The article is well structured.
Weaknesses
Many sentences are unclear and a bit too vague for proper understanding.
The limitations of the mapping are not always made as clear as should be.
Report
In this work the authors discuss how, and in which circumstances, Dicke models generalised to include matter-matter coupling can be mapped back to separated Dicke and matter hamiltonians allow for a simple solution.
Globally, such a mapping is shown to be possible in the thermodynamic limit while assuming a low excitation number.
While the results are scientifically sound and certainly of sufficient interest for publication, they do not meet, in my opinion, any of the 4 criteria for acceptance in SciPost Physics. I therefore recommend that, after the required modifications listed below have been addressed, the paper be considered for publication in SciPost Physics Core.
Requested changes
1- One the issues which should be addressed is that the abstract, title and overall writing of the early sections of the article definitely seem to present the results as much broader reaching than they actually are.

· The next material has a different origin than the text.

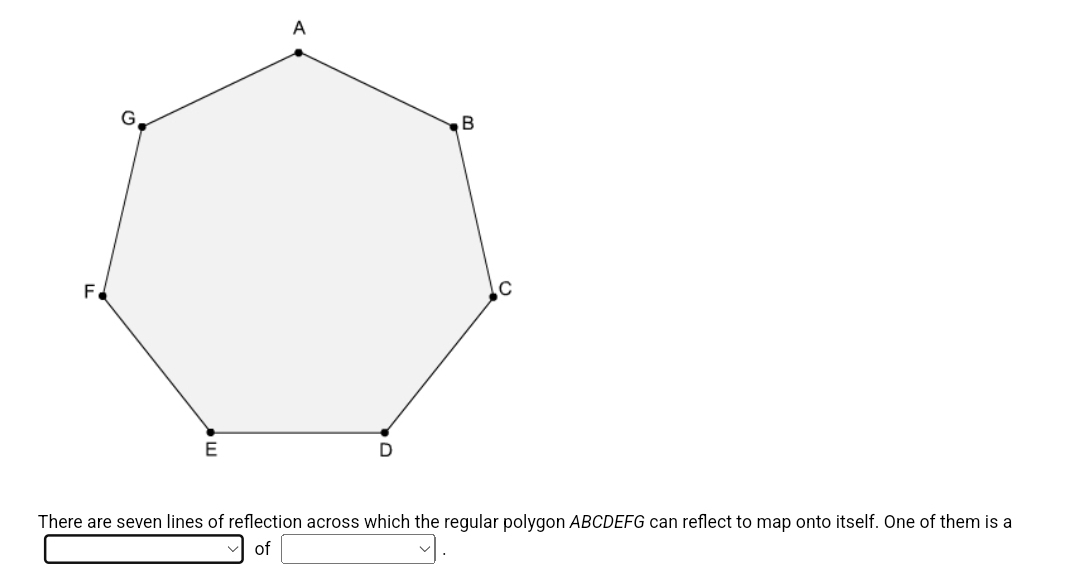 Solved: There are seven lines of reflection across which the regular ...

A central limitation of the work is that it cannot capture the superradiant phase(s) which is certainly one of the most central aspect of Dicke-like model. The abstract and early section tend to talk exclusively about low energy sectors which naturally lead the reader to believe that the mapping should work over the full phase diagram by capturing the ground state and low energy excitation spectrum.
It would be necessary to mention early on in the paper and in the abstract that they are not really working in a low energy sector but in a low excitation number sector. The authors should be explicit about the fact that their work will exclude the treatment of any superradiant phases.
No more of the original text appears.